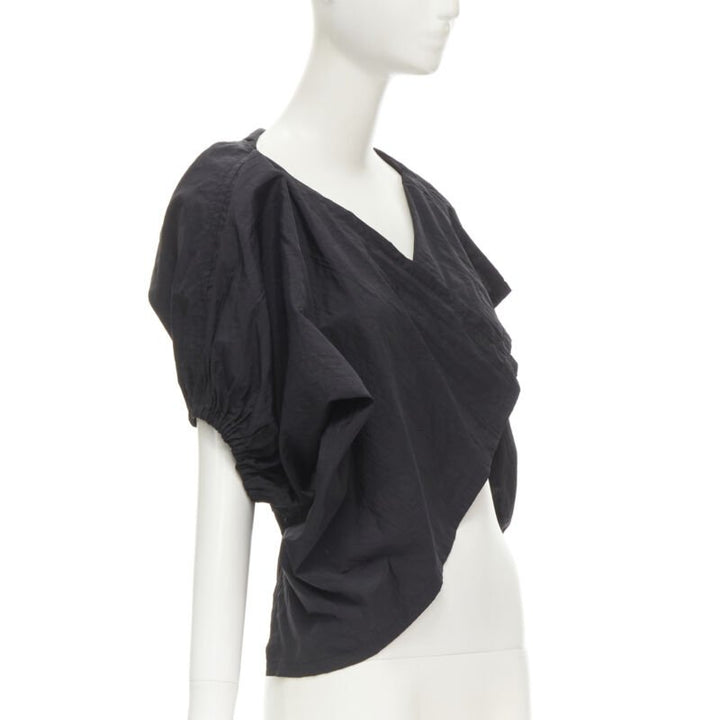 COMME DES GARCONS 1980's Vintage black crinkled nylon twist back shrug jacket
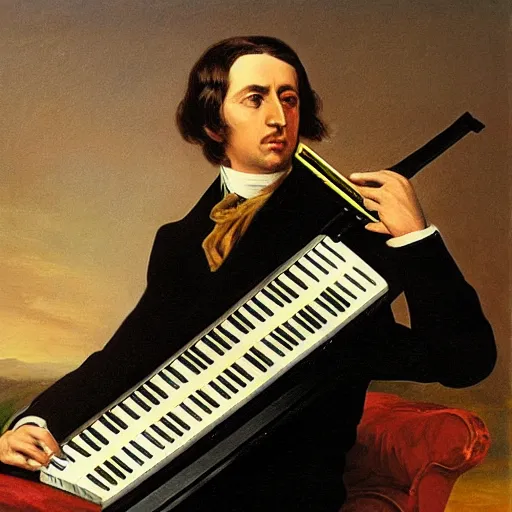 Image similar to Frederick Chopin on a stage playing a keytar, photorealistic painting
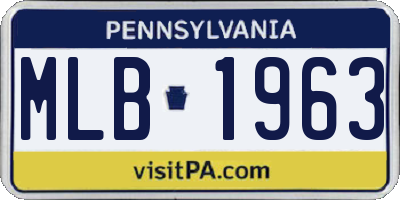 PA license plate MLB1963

* [Task details]
Please copy out each line above exactly as written, but not the pictures.

* [Result of this task]
 COMME DES GARCONS 1980's Vintage black crinkled nylon twist back shrug jacket
 Image similar to Frederick Chopin on a stage playing a keytar, photorealistic painting
 PA license plate MLB1963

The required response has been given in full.